Belgravia Dispatch has an email from a guy who was circulating and talking to the protesters in Beirut last Friday, btw. (And what looks like a nice round-up of responses to these developments in subsequent entries, but I haven’t read through it yet.)
*I kid, but the NYT editorial is actually pretty good, and summarizes all of the significant events thus far. I noticed that the Michael Jackson trial was the lead story on CNN.com all day yesterday, and a spectacular local murder trumped the story in the Trib this morning, so there’s a possibility that not everyone is really getting how astonishing the last few days have really been.
Update: Woot! M. found another one, employing a slightly different approach. All hail the paradigm shift!
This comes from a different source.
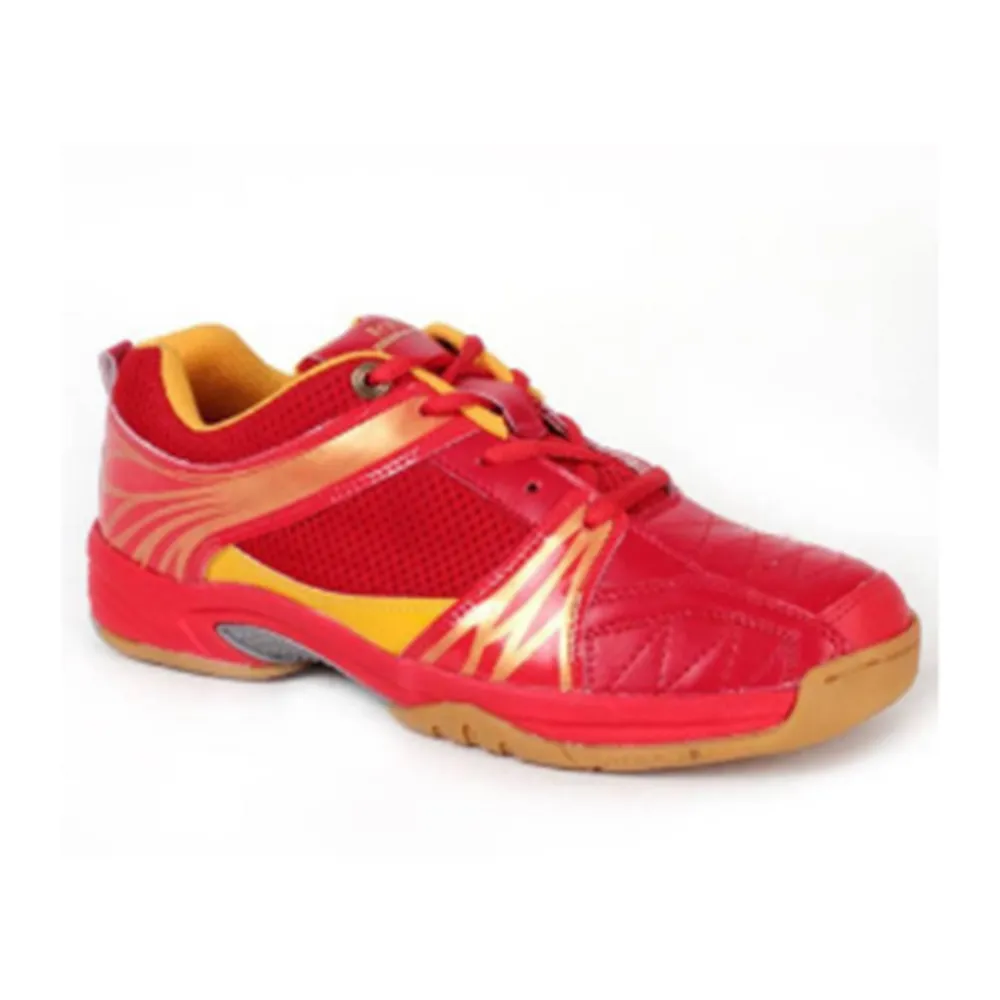 RXN OFF Net Badminton Shoes (Red)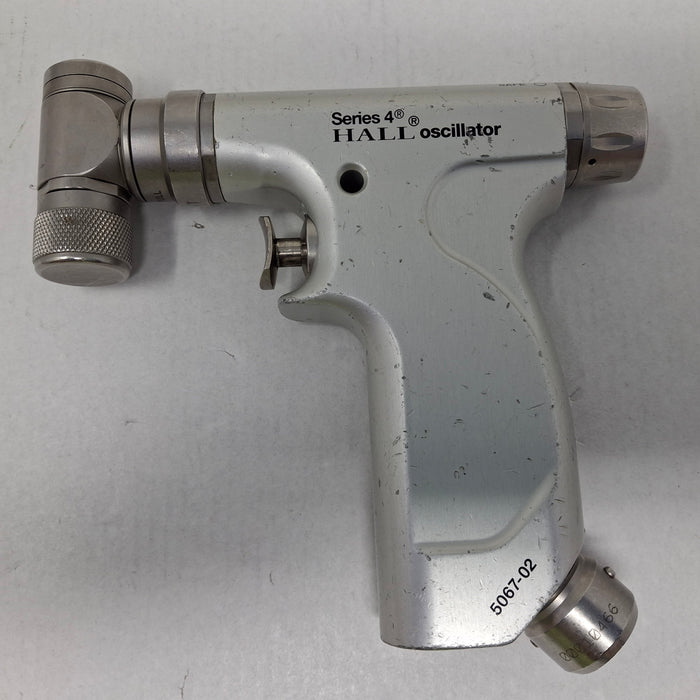 Zimmer Zimmer Hall 5067-02 Series 4 Oscillator Surgical Power Instruments reLink Medical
Update 2: M. adds: Today's "Worldview" on NPR is must-listening for a cavalcade of people falling over themselves not to give more credit to the Bush administration or the Iraq election than absolutely necessary. (As the interviewer asked each subject whether American foreign policy was responsible for what was happening, I was reminded of Reverend Lovejoy's "...ooooh short answer yes with an if, long answer no with a but...") They very much wanted to make sure that everyone understood that this didn't mean that people in Lebanon/Egypt/the occupied territories liked Americans or George Bush. (Because otherwise, you know, the average NPR listener would naturally assume that we're beloved by all.) Highlights include the Lebanese newspaper editor whose comments amounted to "all right, maybe-- maybe-- things were sped up a little by events in Iraq and the presence of an American army across the border from Syria, but is it really important who might or might not be able to take credit?" and the Egyptian analyst (IIRC, an Egyptian professor at an American university) who was saying "well, elections will be good if people wind up voting on the issues, but if it all becomes a marketing campaign like elections here in the US then that's not really much of an improvement." Because, after all, there's no difference between an autocratic tyranny and a liberal democracy, right? And could you help me move these goalposts a little further that way? I smiled all the way to work-- if this is the level of quibbling from NPR's experts, then maybe we really are winning.
But perhaps I'm not being fair in my paraphrases-- memory and interpretation are tricky things. The show should be up on "Worldview's" site shortly. (It'll be the March 1 show) Judge for yourself.